Our users had complained that sometimes the system slowed down to a halt. This problem got assigned to a developer on my team. Unfortunately the developer was out of the office for a few days last week. Tomorrow I need to provide a status on the progress made on this trouble ticket. This made me go work with the developer personally to get the research moving faster.

The developer got some feedback from a sys admin that 3 users were causing the CPU to be utilized at 100%. The developer was then trying to determine what these users we doing. So the developer sent an e-mail to the customer asking what one of these users was doing on the day when the system stopped working. I immediately saw the problem with this tactic. The user in question was actually a developer from another company. So I told the developer we don't need to go through the customer. We could go straight to the developer.

However I retraced the steps back to the facts of the matter. Yes maybe these 3 users identified by system administration might have been involved with the problem. However maybe they were not. I showed the developer some other event logs showing other users having recurring problems when the slowdown occurred. Earlier I had e-mailed the developer about this, but he just responded with some questions. Today I sat the developer down and showed him how I wanted him to generate test data to replicate this recurring problem the users encountered. When we had the data ready, we found that when certain users went to some specifics screens in the app, all users in that part of the app were frozen.

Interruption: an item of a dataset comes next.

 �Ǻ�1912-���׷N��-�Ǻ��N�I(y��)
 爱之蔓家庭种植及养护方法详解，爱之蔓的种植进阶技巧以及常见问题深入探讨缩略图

I am not sure if this is the cause of the problem. But we ran some good tests. Next step is to get sys admin to monitor the system when we duplicate the problem. We also went and talked with the other developer who sys admin says was involved with CPU 100% utilization. And we worked out a plan to have him try his work in development to see if we can replicate the problem. In the maintenance world, I have found that most developers need a lot of prodding to get them to make significant progress on trouble tickets. I am only sorry that I am the one who need to hold the prod.